● **Instructions to follow**
Pictures excluded, retype the lines from the one containing "tôi có 2 căn" through the last line of the data below, both included.

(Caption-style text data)
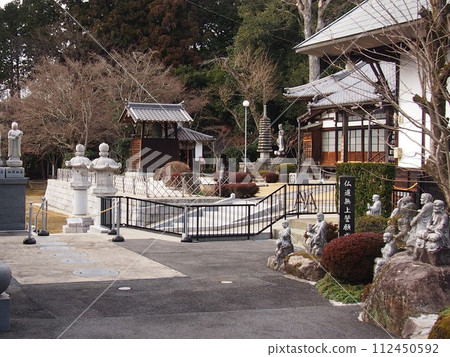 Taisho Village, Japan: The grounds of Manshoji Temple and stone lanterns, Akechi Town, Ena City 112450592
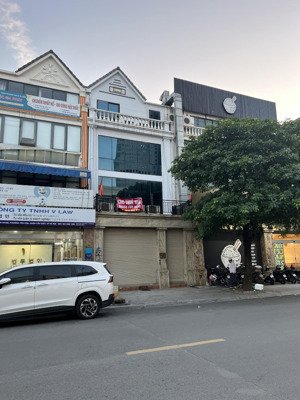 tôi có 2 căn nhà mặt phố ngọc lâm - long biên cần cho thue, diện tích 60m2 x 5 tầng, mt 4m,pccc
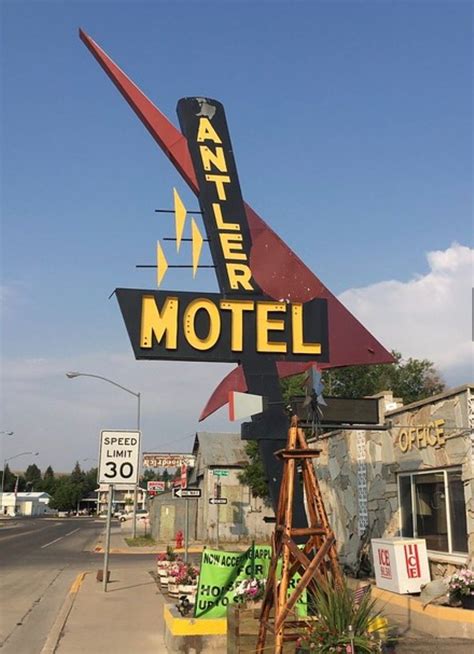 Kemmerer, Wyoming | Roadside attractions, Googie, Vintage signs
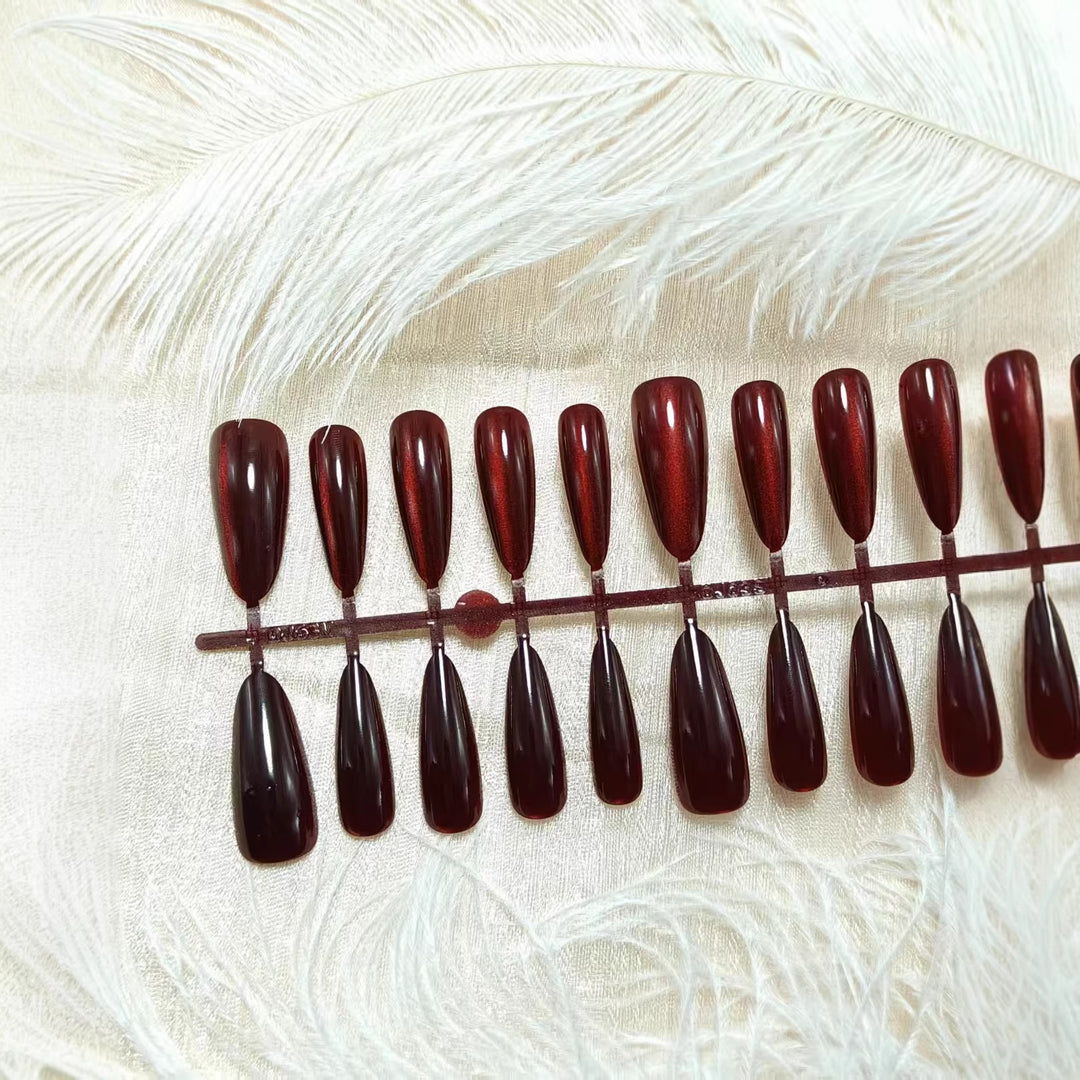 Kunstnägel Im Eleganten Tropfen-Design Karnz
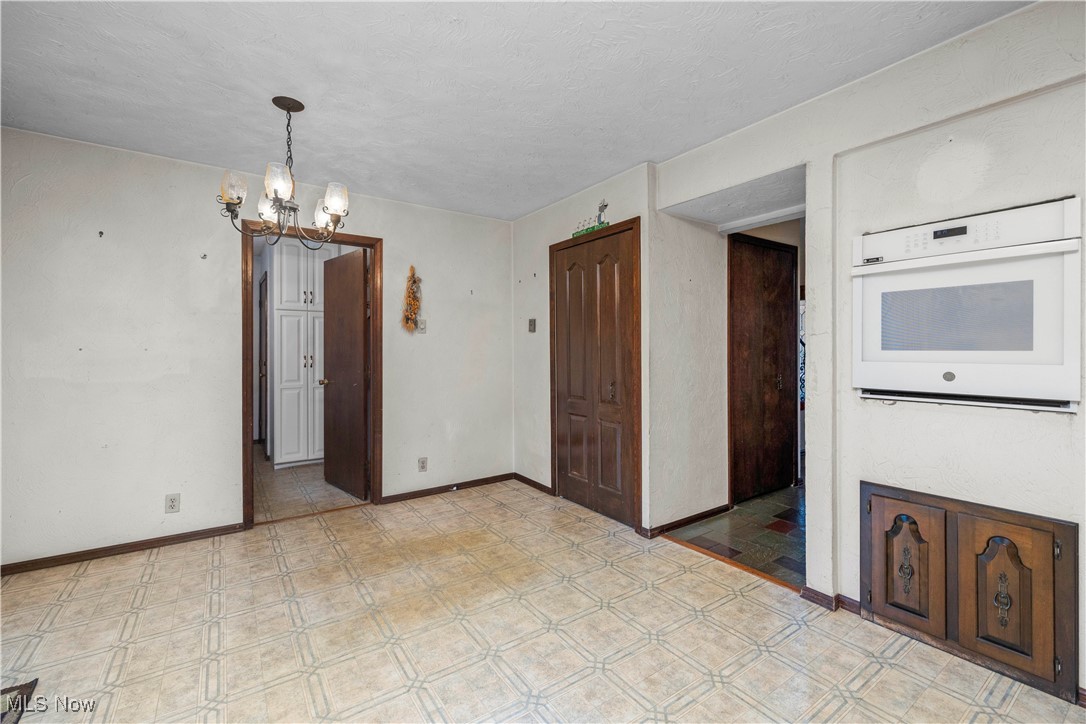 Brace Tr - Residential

● **Solution**
 tôi có 2 căn nhà mặt phố ngọc lâm - long biên cần cho thue, diện tích 60m2 x 5 tầng, mt 4m,pccc
 Kemmerer, Wyoming | Roadside attractions, Googie, Vintage signs
 Kunstnägel Im Eleganten Tropfen-Design Karnz
 Brace Tr - Residential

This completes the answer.